# 46" inch TV - Buying Help! :!:



## vinaych (May 4, 2014)

Hi all,
Unable to decide on which TV to buy. And need to buy one by end of day tomorrow!

Have a budget of 75k and considering to get a 46/47/48inch TV. 
(Can't get a 50" because there is an enclosure for the TV in the house and a 50incher wouldn't fit!)

It is for the parents. They watch mostly SD content with the occasional HD channel thrown in.
I so want to buy a plasma TV, but have discovered that there is no plasma TV in that size. It is either a 43inch or a 50inch!

These are the two models I have liked..
Samsung 46F5500
Samsung 48H5100

Any other TVs that are 46"/47" in size with good picture quality and within my budget? Please help.

PS: LG 47incher didn't appeal to me!


----------



## RCuber (May 4, 2014)

Whats the viewing distance? size of TV depends on the viewing distance. 

also don't buy a TV in a day, take your parents for some showroom and let them check a few models.
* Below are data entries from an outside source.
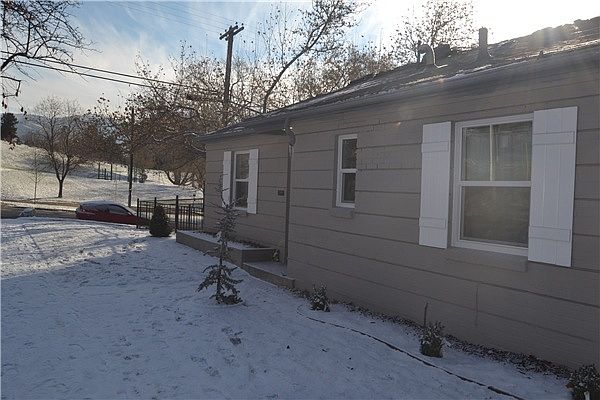 2nd image of 784 E 9th Ave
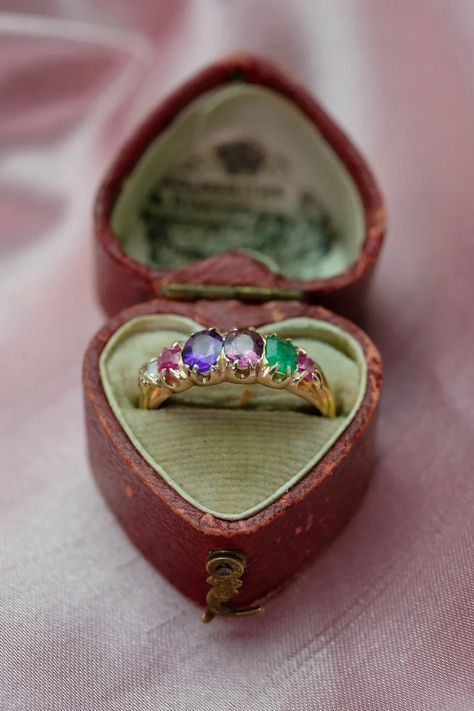 The History of Acrostic Jewellery (Language of Gemstones) Acrostic Jewelry, Secret Love Messages, Love In French, Gemstones Chart, Sentimental Jewellery, Love Message, Jewellery Rings, Secret Messages, Secret Love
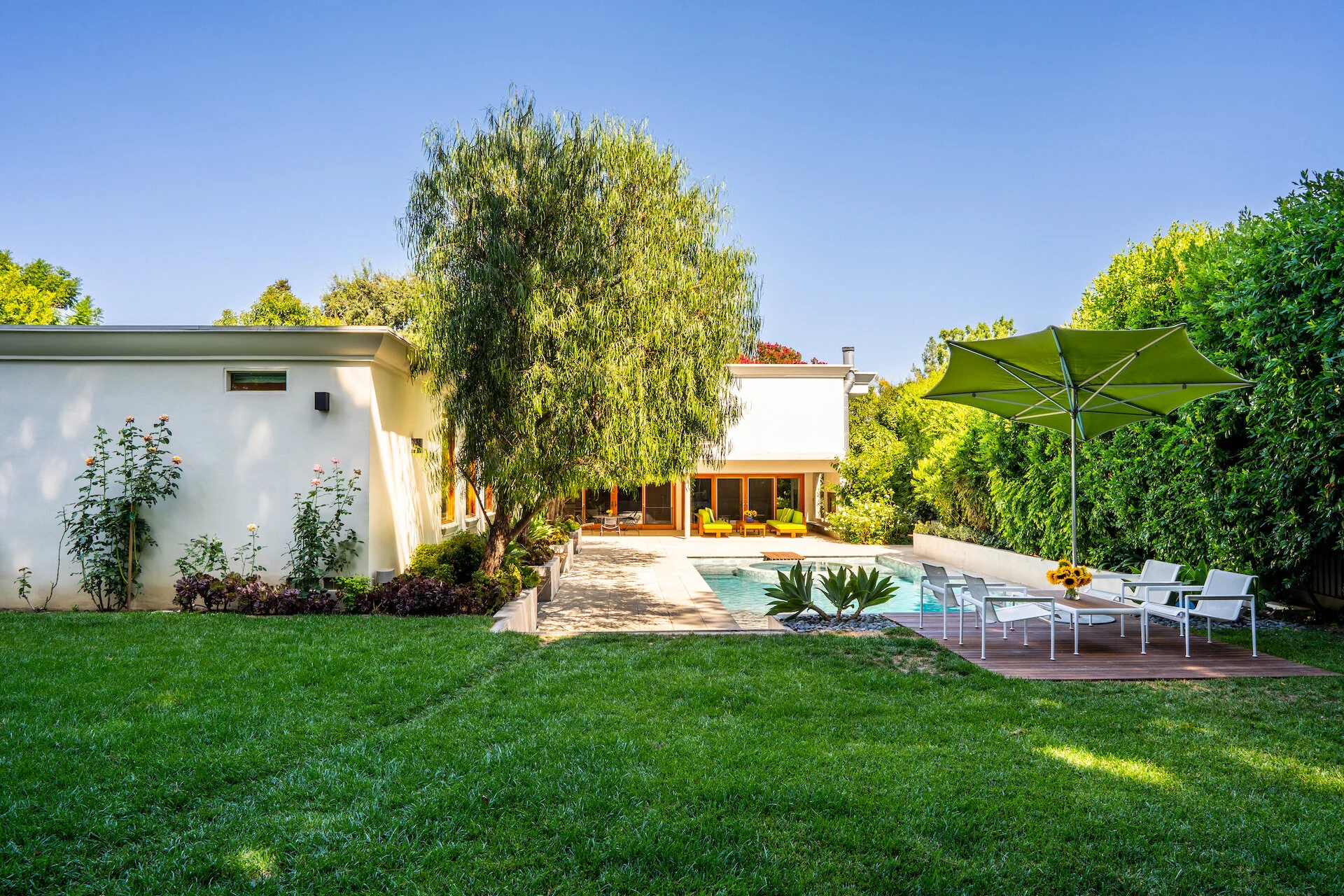 34) EXTERIOR-POOL-BACKYARD-3.jpeg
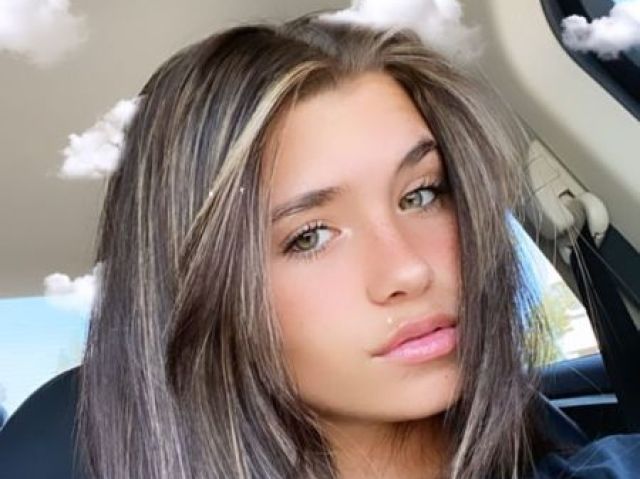 Nessa Barret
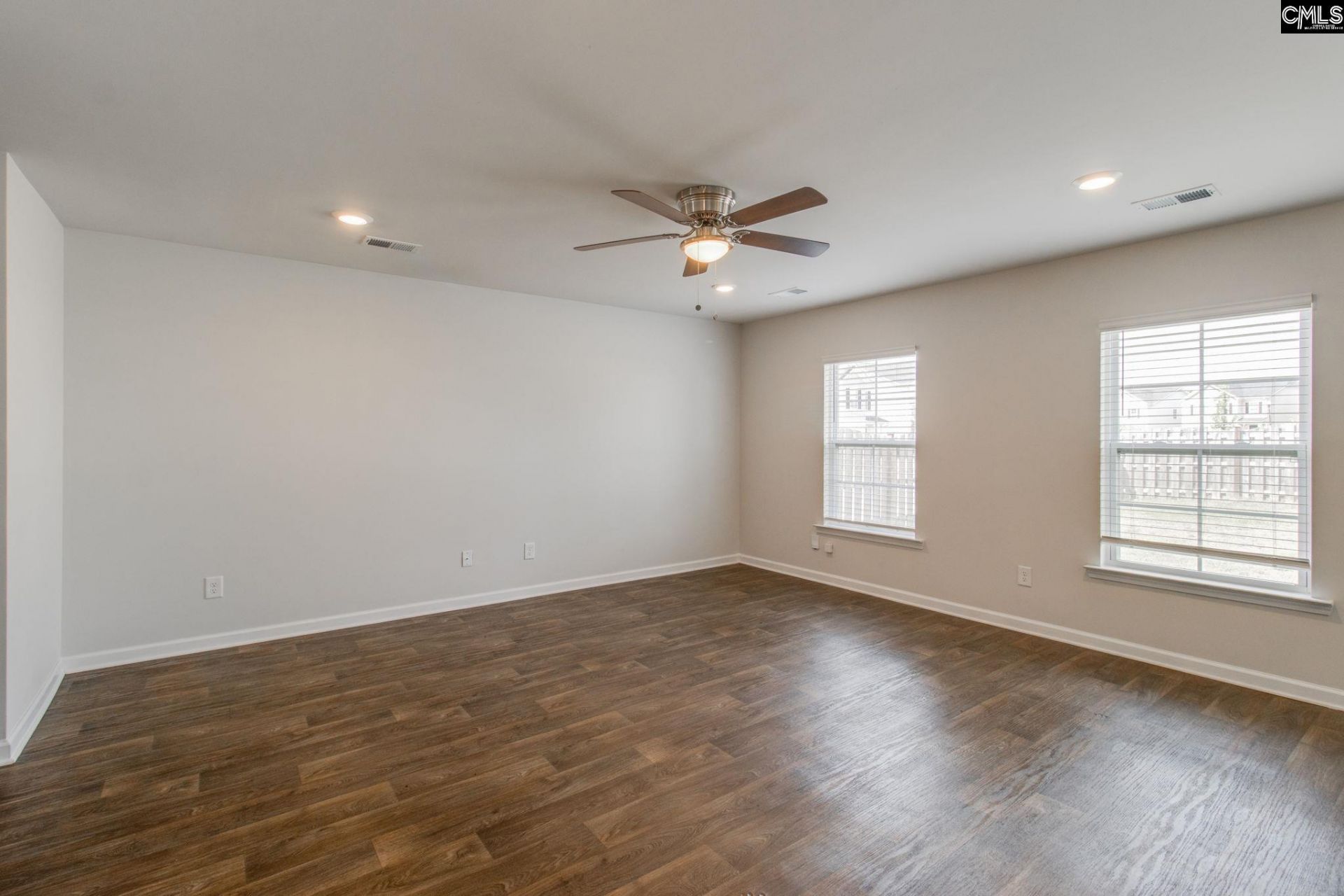 481 Red Poll Way  Photo 4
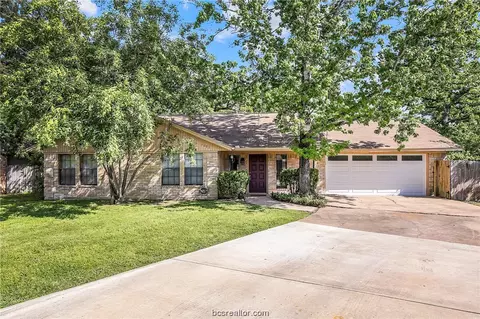 1007 Crestwood Dr, Bryan, TX 77801
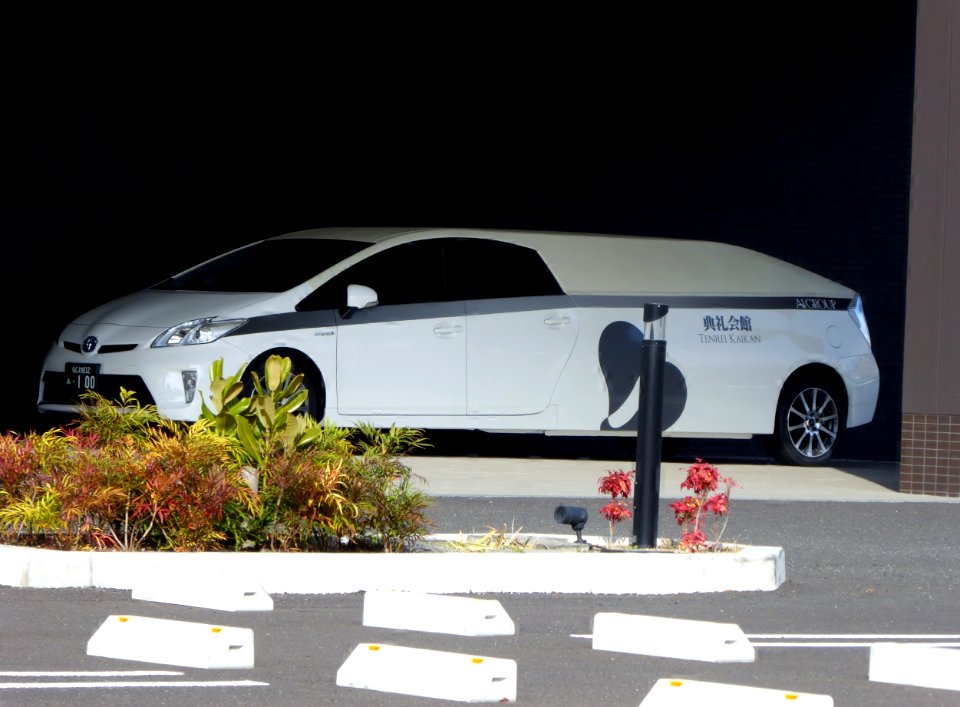 The leftside of Toyota PRIUS (ZVW30) hearse of Tenreikaikan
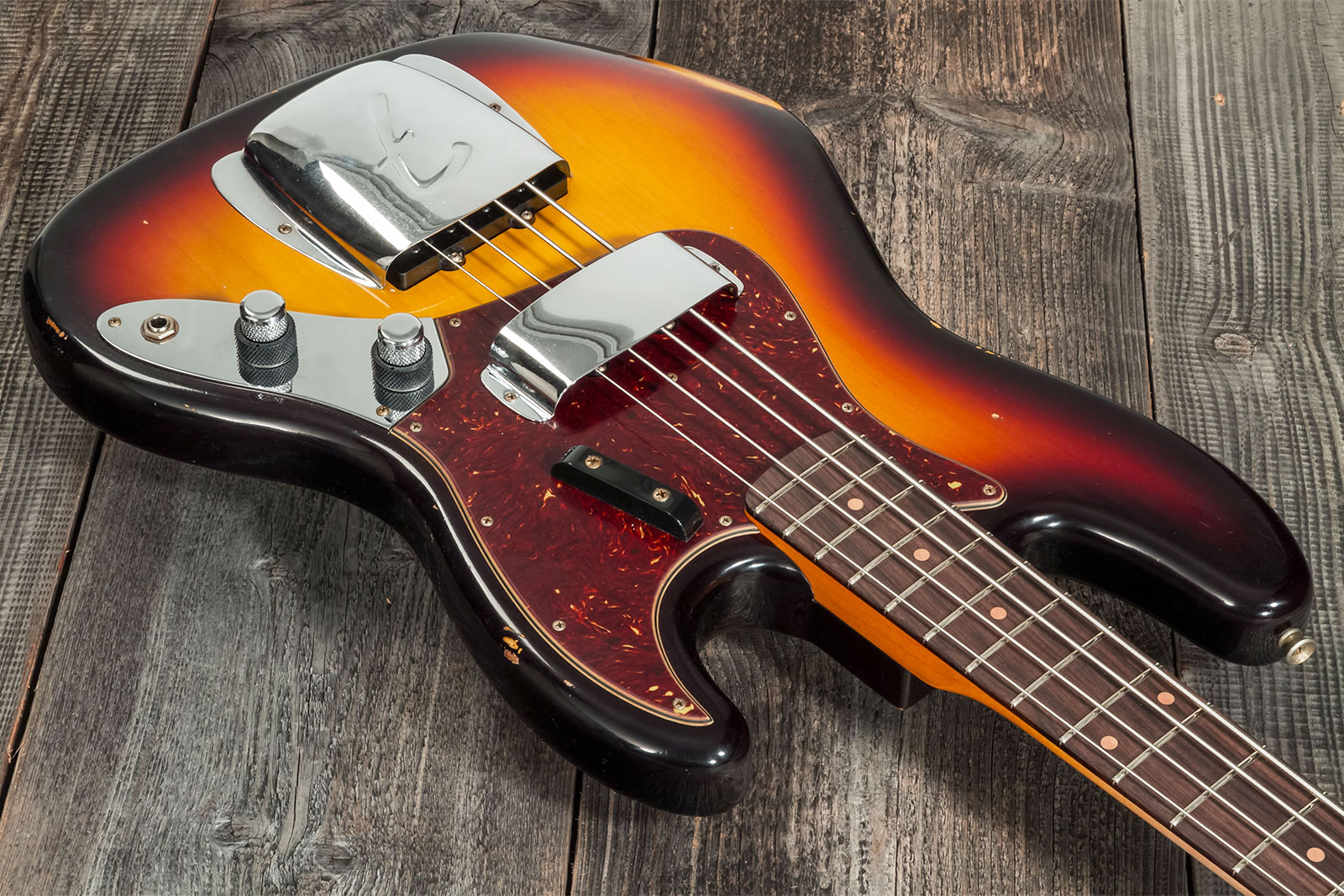 Fender Custom Shop  Jazz Bass 1962 Rw #cz569015 - Relic 3-color Sunburst - Solid body electric bass - Variation 2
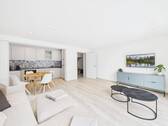 Wohnzimmer mit Offener Küche - 3 Zimmer Etagenwohnung zum Kaufen in Bad Aibling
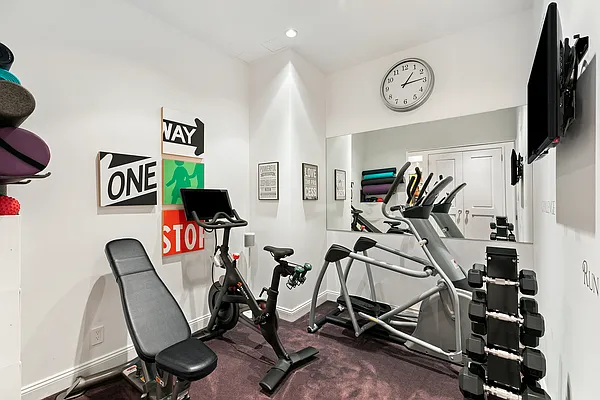 Rented by Compass | media 18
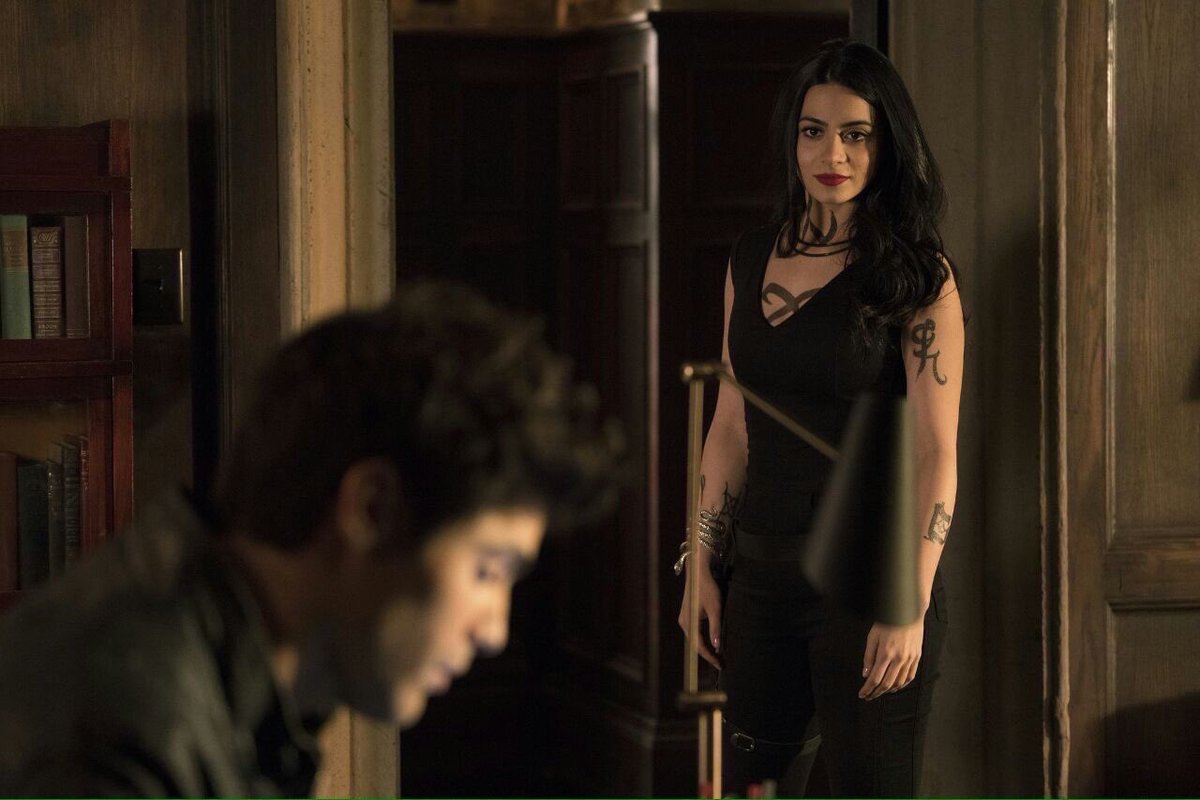 hernameisjenn_'s tweet image. The way they look to each other 😍🙌🏻 #Lightwoods #Shadowhunters @EmeraudeToubia @MatthewDaddario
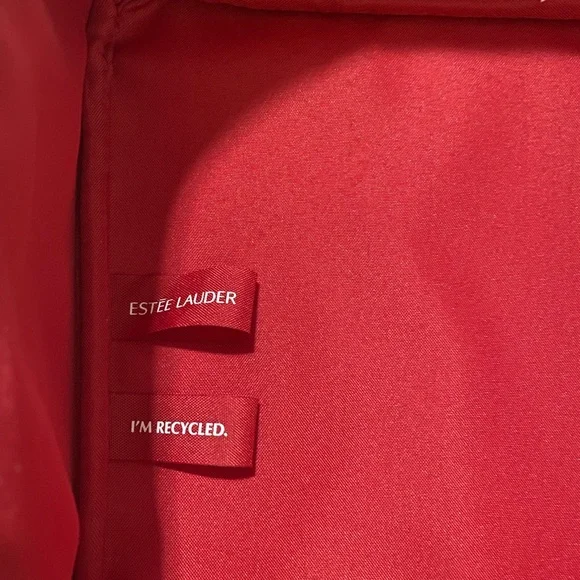 Estée Lauder Red Velvet Train Case 2023 | Makeup Bag Travel Organizer - Picture 6 of 7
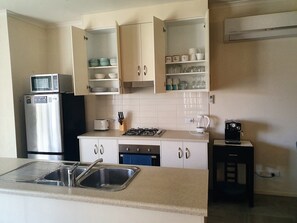 Jääkaappi, mikroaaltouuni, uuni, liesi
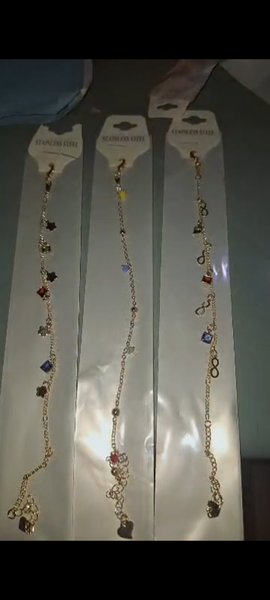 Chaînes de cheville dorées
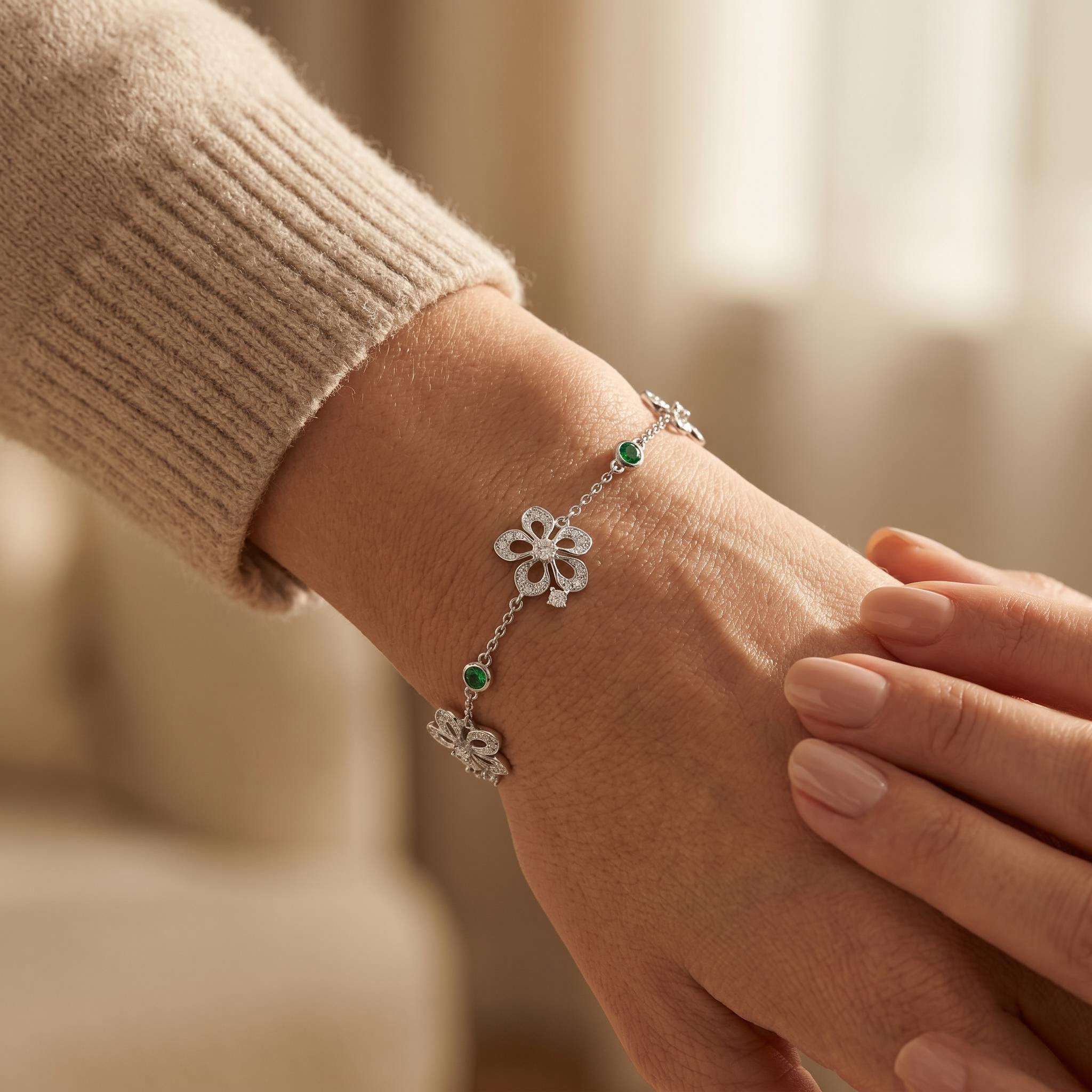 1.96 ct.tw. Nature-Inspired Floral with Green Round Cut Bracelet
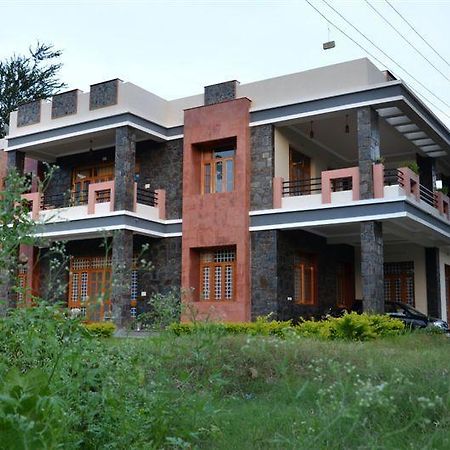 Bed and Breakfast The Royale Country Retreat à Udaipur Extérieur photo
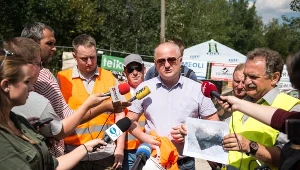 Kierownik budowy Tomasz Siwiec oraz rzecznik odkrywców, Andrzej Gaik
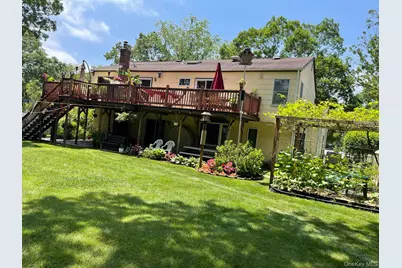 33 Broadway Avenue, Holtsville, NY 11742 - Photo 30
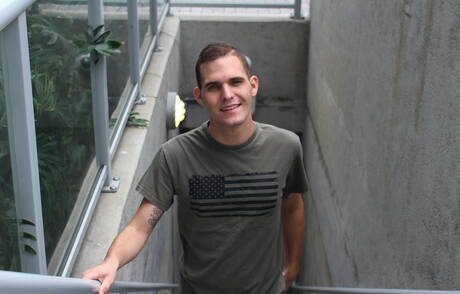 Der schöne Junge Bo Connor zeigt draußen einen perfekten Körper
It took us about 3 weeks to decide on a TV.


----------



## vinaych (May 4, 2014)

Hi RCuber,
The viewing distance is about 14ft.


----------



## Minion (May 6, 2014)

*Re: 46&quot; inch TV - Buying Help! *

get  42W700B BRAVIA

- - - Updated - - -

OR if you are inclined towards samsung get 40F6400.


----------



## vinaych (May 6, 2014)

*Re: 46&quot; inch TV - Buying Help! *



Minion said:


> get  42W700B BRAVIA
> 
> - - - Updated - - -
> 
> OR if you are inclined towards samsung get 40F6400.



Thank you for the reply. However, a 40"/42" inch TV is small for our living room!


----------



## Minion (May 6, 2014)

^You have to compromise a bit you either get a good performing t.v or a larger budget t.v within your budget choice is yours.


----------



## aroraanant (Jun 26, 2014)

Samsung 48H5100 seems to be a good set considering its price.


----------



## seamon (Jun 26, 2014)

Get any Sony Triluminos if you can, they are all good and PQ is miles ahead of other brands.


----------



## $hadow (Jun 26, 2014)

Samsung is providing good panels these days do check out.


----------